Leveraging Domain Expertise
Rather than fully automatic KG construction, this approach emphasizes means of incorporating domain experts through "human-in-the-loop" (HITL) techniques.
Multiple techniques can be employed to construct gradients for both the generated nodes and edges, starting with the quantitative scores from model inference.
- gradient for recommending extracted entities: named entity recognition, textrank, probabilistic soft logic, etc.
- gradient for recommending extracted relations: relation extraction, graph of relations, etc.
Results extracted from lemma graphs provide gradients which can be leveraged to elicit feedback from domain experts:
- high-pass filter: accept results as valid automated inference
- low-pass filter: reject results as errors and noise
For the results which fall in-between, a recsys or similar UI can elicit review from domain experts, based on active learning, weak supervision, etc. see https://argilla.io/
subsequent to the HITL validation, the more valuable results collected within a lemma graph can be extracted as the primary output from this approach.

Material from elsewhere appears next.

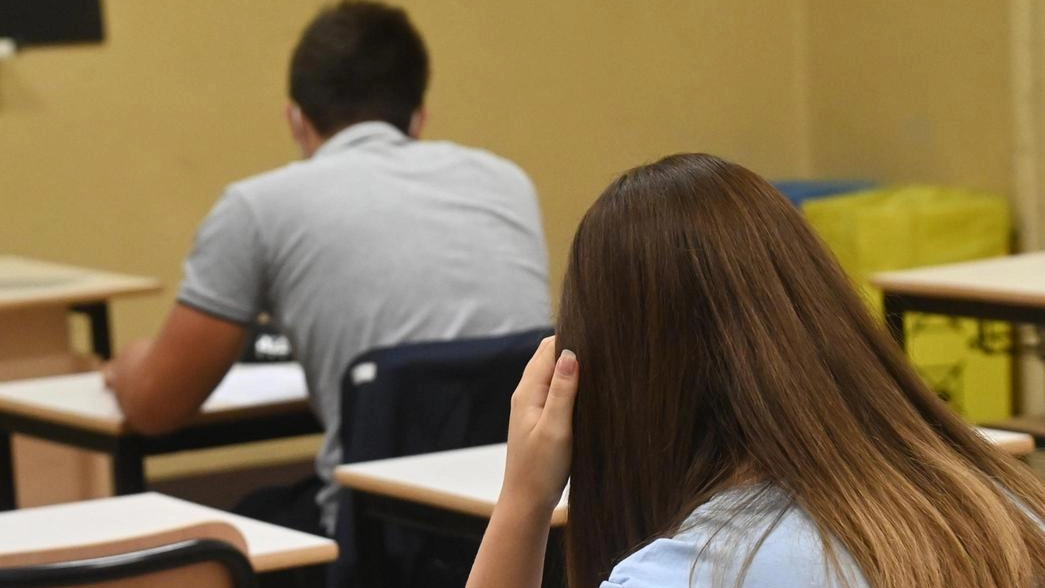 Lo start della scuola è vicino, ma per Cisl Romagna in aula regna il caos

Based on a process of iterating through a text document in chunks, the results from one iteration can be used to bootstrap the lemma graph for the next iteration. this provides a natural means of accumulating (i.e., aggregating) results from the overall analysis.
By extension, this bootstrap/accumulation process can be used in the distributed processing of a corpus of documents, where the "data exhaust" of abstracted lemma graphs used to bootstrap analysis workflows effectively becomes a knowledge graph, as a side-effect of the analysis.